Neues aus Buechnerland Peter Brunners Buechnerblog

30.9.2013

Reliquie – lat. „Überbleibsel“

Filed under: Georg Büchner — peter brunner @ 17:22

Reinhard Pabst hat in den letzten Wochen bereits mehrfach mitgeteilt, dass eine Nachricht über bedeutende Büchneriana anstünde.
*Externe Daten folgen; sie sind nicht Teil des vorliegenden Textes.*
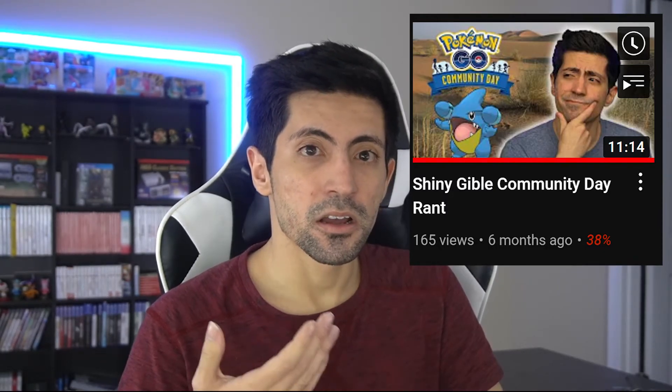I'll give you an example from one of my videos. I posted a video back in May about the Gible Community Day announcement for Pokémon GO, talking about why I wasn't happy about it — because it was a rare Pokémon and everyone would be able to get the shiny. That's one of my few videos with more dislikes than likes, and it was really insightful. It showed me that my viewers didn't agree with me. Dislikes don't necessarily mean you suck as a creator — they're also a way for users to voice their opinion without leaving a comment.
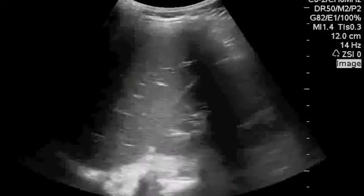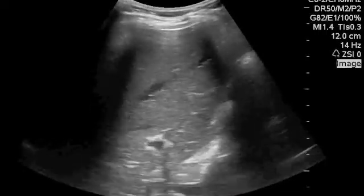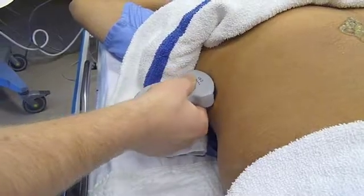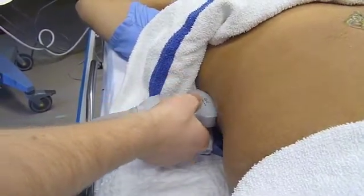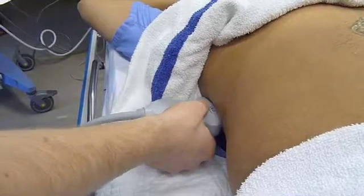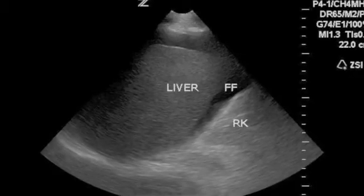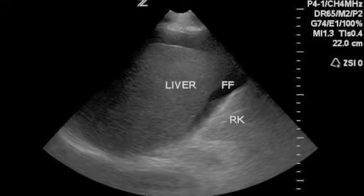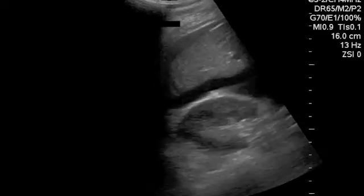Here's what it looks like on the screen — you need to see the kidney disappear in both directions. Don't sweep like this: here I'm not keeping my contact point constant. I call this 'painting' because it looks like I'm painting a fence with the probe. Here you can see free fluid in the right upper quadrant along the interface between the liver and the kidney. Here's a video of the same thing.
Wer ihn kennt, war davon nicht überrascht – das macht er gern und oft.

Am vergangenen Samstag hat dann Hubert Spiegel im FAZ-Feuilleton mitgeteilt, worum es ging: die nur als Fotografie der siebziger Jahre bekannten Skizzen Alexis Mustons von Georg Büchner sind im Original aufgetaucht, werden in Darmstadt bei der Georg-Büchner-Ausstellung gezeigt und auf Dauer im Freien Deutschen Hochstift verwahrt werden.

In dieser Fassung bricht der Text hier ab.